Cricket Australia chief executive Todd Greenberg and chair Mike Baird were quick to frame the match in economic terms. A curtailed Test, they said, cost CA close to $10 million in lost ticketing and broadcast revenue. In an interview on day two, Greenberg struck a conciliatory tone towards broadcasters, apologising for the disruption to schedules and acknowledging the scale of their “sizeable investments”.
The subtext was unmistakable: the problem was not that the match ended quickly, but that it ended early.

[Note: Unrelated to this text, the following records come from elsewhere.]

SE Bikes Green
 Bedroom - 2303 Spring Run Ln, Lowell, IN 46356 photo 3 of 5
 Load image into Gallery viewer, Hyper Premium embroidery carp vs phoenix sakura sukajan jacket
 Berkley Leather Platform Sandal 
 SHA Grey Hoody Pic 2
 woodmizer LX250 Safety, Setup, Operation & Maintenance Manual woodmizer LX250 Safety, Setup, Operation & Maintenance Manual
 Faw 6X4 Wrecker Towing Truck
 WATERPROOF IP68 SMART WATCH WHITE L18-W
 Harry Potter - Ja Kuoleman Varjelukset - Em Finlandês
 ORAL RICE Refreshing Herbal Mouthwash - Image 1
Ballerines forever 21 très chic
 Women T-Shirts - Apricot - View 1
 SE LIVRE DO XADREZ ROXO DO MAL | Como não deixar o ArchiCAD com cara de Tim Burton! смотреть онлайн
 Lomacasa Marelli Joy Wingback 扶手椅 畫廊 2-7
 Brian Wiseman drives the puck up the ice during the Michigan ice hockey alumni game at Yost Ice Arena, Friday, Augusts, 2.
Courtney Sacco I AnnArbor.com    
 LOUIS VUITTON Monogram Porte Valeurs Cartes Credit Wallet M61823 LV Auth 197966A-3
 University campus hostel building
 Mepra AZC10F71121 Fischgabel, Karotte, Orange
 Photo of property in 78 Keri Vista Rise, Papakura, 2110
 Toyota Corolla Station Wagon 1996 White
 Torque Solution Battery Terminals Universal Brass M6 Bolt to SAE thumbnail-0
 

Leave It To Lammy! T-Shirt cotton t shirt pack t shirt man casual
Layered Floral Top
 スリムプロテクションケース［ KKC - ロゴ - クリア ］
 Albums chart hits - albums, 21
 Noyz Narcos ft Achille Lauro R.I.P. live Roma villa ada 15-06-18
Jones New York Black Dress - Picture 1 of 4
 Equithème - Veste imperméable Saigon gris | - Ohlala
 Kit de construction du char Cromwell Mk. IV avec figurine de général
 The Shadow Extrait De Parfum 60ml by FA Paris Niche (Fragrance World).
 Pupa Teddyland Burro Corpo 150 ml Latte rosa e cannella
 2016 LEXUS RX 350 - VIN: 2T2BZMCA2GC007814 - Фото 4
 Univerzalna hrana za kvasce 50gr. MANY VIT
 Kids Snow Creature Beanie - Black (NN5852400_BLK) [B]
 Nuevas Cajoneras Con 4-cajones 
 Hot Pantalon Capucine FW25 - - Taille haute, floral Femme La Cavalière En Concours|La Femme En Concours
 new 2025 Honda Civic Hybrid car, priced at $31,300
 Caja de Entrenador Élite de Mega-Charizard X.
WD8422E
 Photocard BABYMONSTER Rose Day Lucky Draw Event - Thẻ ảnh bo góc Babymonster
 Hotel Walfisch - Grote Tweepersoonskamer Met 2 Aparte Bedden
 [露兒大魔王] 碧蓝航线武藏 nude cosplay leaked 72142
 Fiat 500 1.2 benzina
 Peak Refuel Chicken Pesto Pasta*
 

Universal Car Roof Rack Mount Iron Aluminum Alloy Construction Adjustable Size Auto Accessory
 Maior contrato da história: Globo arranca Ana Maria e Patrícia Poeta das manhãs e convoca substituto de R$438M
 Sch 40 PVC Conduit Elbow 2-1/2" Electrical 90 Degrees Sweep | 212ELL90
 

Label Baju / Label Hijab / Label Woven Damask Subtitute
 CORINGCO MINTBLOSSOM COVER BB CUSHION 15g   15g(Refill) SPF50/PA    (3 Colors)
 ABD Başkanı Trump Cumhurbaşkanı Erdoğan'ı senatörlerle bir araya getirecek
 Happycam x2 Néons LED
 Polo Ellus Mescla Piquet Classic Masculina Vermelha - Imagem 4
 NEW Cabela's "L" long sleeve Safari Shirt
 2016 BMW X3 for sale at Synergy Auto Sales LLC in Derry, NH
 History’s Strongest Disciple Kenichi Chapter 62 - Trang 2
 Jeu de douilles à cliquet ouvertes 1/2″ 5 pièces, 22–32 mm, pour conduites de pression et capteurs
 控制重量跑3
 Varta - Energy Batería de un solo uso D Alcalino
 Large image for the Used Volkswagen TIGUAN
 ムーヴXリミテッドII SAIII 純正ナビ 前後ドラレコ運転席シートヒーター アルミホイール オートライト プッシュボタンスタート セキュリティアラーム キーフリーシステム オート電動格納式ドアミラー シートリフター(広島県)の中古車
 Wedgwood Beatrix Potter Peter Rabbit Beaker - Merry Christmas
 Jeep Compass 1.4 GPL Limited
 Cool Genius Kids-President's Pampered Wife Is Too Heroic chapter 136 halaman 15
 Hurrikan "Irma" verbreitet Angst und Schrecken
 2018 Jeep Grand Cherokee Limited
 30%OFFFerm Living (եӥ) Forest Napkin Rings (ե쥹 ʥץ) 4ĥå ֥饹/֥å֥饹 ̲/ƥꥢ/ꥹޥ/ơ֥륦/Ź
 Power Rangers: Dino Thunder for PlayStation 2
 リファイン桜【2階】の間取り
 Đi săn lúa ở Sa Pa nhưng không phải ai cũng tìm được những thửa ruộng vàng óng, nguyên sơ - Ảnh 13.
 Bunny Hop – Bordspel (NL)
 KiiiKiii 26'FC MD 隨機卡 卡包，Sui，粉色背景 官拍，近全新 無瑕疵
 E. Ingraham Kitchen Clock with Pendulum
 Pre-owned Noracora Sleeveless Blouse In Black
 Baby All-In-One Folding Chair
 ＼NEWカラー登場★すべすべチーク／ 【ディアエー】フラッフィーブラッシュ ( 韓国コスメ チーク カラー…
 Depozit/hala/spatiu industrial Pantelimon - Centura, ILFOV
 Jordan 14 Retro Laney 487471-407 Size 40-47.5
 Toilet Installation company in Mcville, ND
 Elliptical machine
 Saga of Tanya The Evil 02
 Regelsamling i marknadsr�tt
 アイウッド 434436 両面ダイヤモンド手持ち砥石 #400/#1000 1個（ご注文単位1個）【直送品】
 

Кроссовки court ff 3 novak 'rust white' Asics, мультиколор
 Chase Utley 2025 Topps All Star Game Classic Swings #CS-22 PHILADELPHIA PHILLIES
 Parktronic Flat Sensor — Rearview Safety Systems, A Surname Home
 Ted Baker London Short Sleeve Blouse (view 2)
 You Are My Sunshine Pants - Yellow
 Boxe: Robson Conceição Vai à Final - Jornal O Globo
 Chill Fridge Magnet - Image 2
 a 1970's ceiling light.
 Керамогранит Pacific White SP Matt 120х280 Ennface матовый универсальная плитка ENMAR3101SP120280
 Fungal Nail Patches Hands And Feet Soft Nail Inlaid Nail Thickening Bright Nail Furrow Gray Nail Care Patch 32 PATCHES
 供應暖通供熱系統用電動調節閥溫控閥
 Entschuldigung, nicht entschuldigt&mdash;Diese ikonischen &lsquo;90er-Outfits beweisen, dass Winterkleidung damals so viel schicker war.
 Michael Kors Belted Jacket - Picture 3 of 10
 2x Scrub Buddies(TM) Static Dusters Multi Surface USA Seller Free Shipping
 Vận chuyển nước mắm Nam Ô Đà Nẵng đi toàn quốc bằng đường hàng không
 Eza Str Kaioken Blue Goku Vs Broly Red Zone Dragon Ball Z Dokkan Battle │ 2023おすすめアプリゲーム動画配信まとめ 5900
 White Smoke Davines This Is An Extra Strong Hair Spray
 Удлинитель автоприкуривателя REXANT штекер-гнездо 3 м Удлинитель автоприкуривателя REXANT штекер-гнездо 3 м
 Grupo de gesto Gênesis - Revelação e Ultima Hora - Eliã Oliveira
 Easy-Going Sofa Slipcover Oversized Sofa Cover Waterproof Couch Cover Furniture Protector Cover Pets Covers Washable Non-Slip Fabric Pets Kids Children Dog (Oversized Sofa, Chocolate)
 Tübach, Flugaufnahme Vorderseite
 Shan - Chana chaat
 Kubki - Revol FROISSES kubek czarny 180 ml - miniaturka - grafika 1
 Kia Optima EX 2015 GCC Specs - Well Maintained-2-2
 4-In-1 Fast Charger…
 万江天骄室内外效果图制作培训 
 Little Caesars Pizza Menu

What has gone largely unexamined is whether the Melbourne Test might represent something closer to the essence of the format than many of its bloated, forgettable counterparts. For all the hand-wringing, the match delivered what Test cricket exists to provide: tension, consequence and a definitive result. It produced conversation rather than content, argument rather than ambience.
That is no small thing.
Too often, Test cricket is defended in abstract terms — history, patience, moral superiority — while being quietly hollowed out in practice. Flat pitches, risk-averse batting and commercial scheduling have conspired to turn too many matches into five-day exercises in risk management, ending not with drama but with relief. They fill airtime. They satisfy broadcast obligations. They rarely linger in the memory.
The Melbourne Test did the opposite. It demanded attention. Everyone involved in cricket in Australia and England is talking about it — players, administrators, commentators and fans. The fact that the conversation is heated is not evidence of failure; it is evidence of relevance.
To understand why this is so unsettling to cricket’s powerbrokers, it helps to be honest about who now shapes the game. Modern cricket is not governed by romantic custodians of tradition but by boards, broadcasters and global capital. The sport’s rhythms increasingly bend to the interests of the BCCI, international media partners and the financial institutions that underwrite them. This is not Kerry Packer’s disruption — a renegotiation of labour and visibility — but something far more corporate and diffuse. The game is now embedded in a web of advertising models, rights agreements and investor expectations.
Test cricket, with its stubborn unpredictability, is a poor fit for that world.
I am not suggesting that the Melbourne pitch was exemplary, nor that player safety or preparation should be dismissed. Nor is this an argument for chaos as policy. But it is worth asking whether the fury directed at the curator is less about cricketing standards than commercial inconvenience. A Test that ends in two days is not just a sporting anomaly; it is a financial one.
And yet, it is precisely this refusal to conform that gives Test cricket its power.
The format remains uniquely vulnerable to sudden change: weather turns, cracks widen, bowlers surge, batters unravel. Momentum shifts violently. History intrudes. Scandal erupts. Sometimes the game collapses under the weight of its own contradictions. Sandpaper, after all, is not ancient history. These are not bugs in the system; they are features of a contest that has never promised equilibrium.
As C.L.R. James famously observed, “What do they know of cricket who only cricket know?” Test cricket has always been shaped by forces beyond the boundary — empire, class, labour and capital. To pretend that this match exists in isolation from those pressures is naïve. To demand that it behave like a reliably monetised entertainment product is worse.
So before the familiar procession of commentators calls for the curator’s head — before Matt Page is offered up to restore the illusion of control — it is worth taking a breath. The Melbourne Test was not perfect, but it was alive. It unsettled expectations, disrupted schedules and reminded us that the format still has the capacity to surprise.
In a sporting landscape increasingly governed by predictability, that may be Test cricket’s last, and greatest, act of defiance.
“All that is solid melts into air.” Long live Test cricket — especially when it refuses to behave.